Lottery gets 'gangbuster' start

Jan 21, 2004, 5:34 am (Post a comment)

Tennessee Lottery

Big winners reported among early ticket buyers

The Tennessee Lottery got off to a "gangbusters" start in Knoxville on Tuesday after a 12:01 a.m. kickoff, with hundreds lining up for tickets and the city reporting one of the state's largest winners.

"It has been one of the quickest (lottery starts in the nation) for sure," said Kym Gerlock, spokeswoman for the Tennessee Lottery organization. "I'm hearing a lot of excitement coming out of Knoxville."

State Sen. Steve Cohen, a Memphis Democrat who championed the lottery for two decades, said the first day of sales was an answer to lottery opponents.

"From all I can tell, it's going great gangbusters," he said. "People are playing all over Tennessee. I think the naysayers are drowning out as the minutes pass."

But state Sen. Ben Atchley, R-Knoxville, a lottery critic, was unimpressed.

"I expected it to get up to a fast start," he said. "I still feel the same. That's exactly the wrong way for the government to be raising money."

As of press time, Gerlock couldn't provide the number of lottery tickets sold, official winnings or the amount of revenue collected. But Gerlock said "there have been reports" of four $1,000 winners, one $5,000 winner and one $7,000 winner in Knoxville. The official tally should come out sometime Wednesday.

The other $7,000 winner was reported from Memphis.

Of the nearly 3,500 Tennessee retailers where roughly 47 million lottery tickets were distributed, only about 4 percent had "minor issues" such as not receiving tickets or the tickets going to the wrong address, Gerlock said.

One vendor who had trouble her first day was Randa Halloun, who owns 17th Street Market & Deli. She said ticket sales at her store were slower than expected.

Her store didn't receive banners advertising the tickets and tickets arrived the day sales started, complicating efforts to work out kinks, she said.

"I think they rushed it," she said.

Halloun was only able to sell her $2 tickets. She couldn't activate her $1 tickets because an invoice did not come with their box. She was hesitant to start selling the $5 tickets.

Calls to the helpline for ticket vendors went unanswered, she said.

Halloun said general traffic at her store was about normal, but at the Pilot station at 136 N. Northshore Drive, general manager Steve Bourne said customer volume was "definitely" heavier than normal.

By around 9 a.m. the store usually has had about 90 customers, Bourne said. By that time Tuesday around 600 had showed up, and the store had given out $115 in winnings, he said.
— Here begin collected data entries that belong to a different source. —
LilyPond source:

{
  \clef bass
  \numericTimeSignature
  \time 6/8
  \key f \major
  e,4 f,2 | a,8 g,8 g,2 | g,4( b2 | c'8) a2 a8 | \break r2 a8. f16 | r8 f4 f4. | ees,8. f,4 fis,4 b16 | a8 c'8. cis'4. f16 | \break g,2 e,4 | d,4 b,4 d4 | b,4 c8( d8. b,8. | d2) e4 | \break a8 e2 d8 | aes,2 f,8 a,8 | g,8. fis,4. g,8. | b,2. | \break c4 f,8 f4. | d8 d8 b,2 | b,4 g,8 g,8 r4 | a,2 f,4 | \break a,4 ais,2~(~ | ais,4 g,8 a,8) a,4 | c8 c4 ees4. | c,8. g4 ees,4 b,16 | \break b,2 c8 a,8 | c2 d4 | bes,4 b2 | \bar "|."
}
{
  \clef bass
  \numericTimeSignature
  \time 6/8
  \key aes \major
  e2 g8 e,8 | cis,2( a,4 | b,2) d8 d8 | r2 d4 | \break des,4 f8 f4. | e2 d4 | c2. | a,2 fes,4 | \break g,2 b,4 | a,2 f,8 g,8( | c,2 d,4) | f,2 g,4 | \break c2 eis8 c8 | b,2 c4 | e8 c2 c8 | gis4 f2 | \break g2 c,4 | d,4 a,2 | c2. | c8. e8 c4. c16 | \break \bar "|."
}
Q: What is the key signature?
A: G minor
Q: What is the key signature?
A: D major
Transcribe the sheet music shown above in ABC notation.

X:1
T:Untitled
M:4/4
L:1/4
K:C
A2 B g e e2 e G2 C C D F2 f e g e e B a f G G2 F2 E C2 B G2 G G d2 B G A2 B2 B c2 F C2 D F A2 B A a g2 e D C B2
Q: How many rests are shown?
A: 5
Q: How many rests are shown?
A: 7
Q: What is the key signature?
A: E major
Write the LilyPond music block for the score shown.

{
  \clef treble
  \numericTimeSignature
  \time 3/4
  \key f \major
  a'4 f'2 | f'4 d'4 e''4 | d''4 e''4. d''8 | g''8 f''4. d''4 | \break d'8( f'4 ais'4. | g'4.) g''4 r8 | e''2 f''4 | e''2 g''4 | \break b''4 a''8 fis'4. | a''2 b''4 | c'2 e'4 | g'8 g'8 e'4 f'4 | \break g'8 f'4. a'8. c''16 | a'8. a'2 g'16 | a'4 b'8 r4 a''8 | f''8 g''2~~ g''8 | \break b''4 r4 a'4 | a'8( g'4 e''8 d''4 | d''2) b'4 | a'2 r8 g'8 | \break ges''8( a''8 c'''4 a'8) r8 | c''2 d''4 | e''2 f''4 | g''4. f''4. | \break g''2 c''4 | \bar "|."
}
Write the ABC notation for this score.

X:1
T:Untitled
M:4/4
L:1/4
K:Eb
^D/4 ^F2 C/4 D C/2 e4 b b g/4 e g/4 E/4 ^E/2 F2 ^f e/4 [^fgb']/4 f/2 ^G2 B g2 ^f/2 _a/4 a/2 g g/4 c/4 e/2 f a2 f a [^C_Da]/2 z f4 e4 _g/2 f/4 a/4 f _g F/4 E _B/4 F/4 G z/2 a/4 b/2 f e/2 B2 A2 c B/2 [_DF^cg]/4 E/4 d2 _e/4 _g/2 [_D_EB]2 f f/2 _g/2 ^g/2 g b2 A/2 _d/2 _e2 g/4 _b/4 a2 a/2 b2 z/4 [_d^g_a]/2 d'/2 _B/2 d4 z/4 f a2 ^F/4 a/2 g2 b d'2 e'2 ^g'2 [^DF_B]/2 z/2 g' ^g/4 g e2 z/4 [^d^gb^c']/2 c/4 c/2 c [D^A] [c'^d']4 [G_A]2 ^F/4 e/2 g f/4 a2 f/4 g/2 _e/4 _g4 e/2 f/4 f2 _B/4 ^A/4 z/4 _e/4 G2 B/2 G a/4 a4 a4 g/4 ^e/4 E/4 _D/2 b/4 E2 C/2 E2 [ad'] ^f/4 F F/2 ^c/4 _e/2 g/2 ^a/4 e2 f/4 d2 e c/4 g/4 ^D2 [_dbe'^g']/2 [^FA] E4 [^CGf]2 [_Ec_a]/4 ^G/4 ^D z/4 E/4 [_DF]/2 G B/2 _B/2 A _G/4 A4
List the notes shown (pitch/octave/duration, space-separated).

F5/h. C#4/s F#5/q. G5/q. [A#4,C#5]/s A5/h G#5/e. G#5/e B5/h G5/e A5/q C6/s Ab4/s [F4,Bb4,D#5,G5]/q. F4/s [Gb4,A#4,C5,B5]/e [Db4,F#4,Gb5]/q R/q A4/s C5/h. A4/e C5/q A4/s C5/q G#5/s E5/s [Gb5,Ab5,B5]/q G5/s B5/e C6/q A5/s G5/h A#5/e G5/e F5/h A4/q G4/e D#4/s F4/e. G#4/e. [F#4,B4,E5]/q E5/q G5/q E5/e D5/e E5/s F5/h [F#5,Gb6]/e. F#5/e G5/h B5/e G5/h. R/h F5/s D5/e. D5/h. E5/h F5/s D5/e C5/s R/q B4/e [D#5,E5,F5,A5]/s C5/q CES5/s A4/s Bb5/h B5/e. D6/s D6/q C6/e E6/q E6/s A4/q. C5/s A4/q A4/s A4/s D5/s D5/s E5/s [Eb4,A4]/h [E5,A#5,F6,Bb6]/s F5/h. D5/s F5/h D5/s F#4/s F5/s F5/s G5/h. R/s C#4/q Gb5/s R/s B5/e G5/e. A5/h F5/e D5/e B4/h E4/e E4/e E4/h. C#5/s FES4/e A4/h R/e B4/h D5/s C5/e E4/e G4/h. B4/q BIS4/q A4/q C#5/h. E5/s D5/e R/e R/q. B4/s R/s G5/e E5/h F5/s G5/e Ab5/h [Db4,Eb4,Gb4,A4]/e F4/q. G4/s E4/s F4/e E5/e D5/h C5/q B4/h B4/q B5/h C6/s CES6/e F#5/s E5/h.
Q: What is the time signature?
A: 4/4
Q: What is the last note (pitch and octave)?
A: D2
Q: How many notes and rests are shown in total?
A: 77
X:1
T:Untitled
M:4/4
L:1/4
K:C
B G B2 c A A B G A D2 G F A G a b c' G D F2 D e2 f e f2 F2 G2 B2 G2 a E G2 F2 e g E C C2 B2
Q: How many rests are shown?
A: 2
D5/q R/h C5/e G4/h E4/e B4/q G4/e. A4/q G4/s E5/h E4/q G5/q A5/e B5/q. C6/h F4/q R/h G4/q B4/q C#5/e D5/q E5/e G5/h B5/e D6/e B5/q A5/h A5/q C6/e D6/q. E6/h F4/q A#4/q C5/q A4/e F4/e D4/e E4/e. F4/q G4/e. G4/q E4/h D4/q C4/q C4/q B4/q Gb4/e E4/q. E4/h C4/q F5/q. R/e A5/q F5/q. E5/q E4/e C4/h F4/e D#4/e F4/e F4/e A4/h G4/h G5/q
"I'm expecting a lot of people to pop back in here after work," Bourne said. "I wonder how many people were late to work and said, 'Sorry. I had to pick up a lottery ticket' "

Bourne would only say Tuesday that "thousands" of tickets had been sold.

Earnings from the lottery are set to fund higher-education scholarships, although students who have entered before 2004 aren't eligible.

Chris Haynes, a 21-year-old University of Tennessee junior, bought several lottery tickets for himself and his roommates at Halloun's market yesterday, and he said he would have liked to have been helped by the lottery.

"I think it's really good," Haynes said. "If I'd have had this when I graduated from high school, I'd be getting a lot of money, which I wish I'd have had."

Some reports have said the state stands to pull in around $900 million through the lottery in a year, but that's a "very rough" estimate, Gerlock said.

"We don't know anything definitive yet," she said.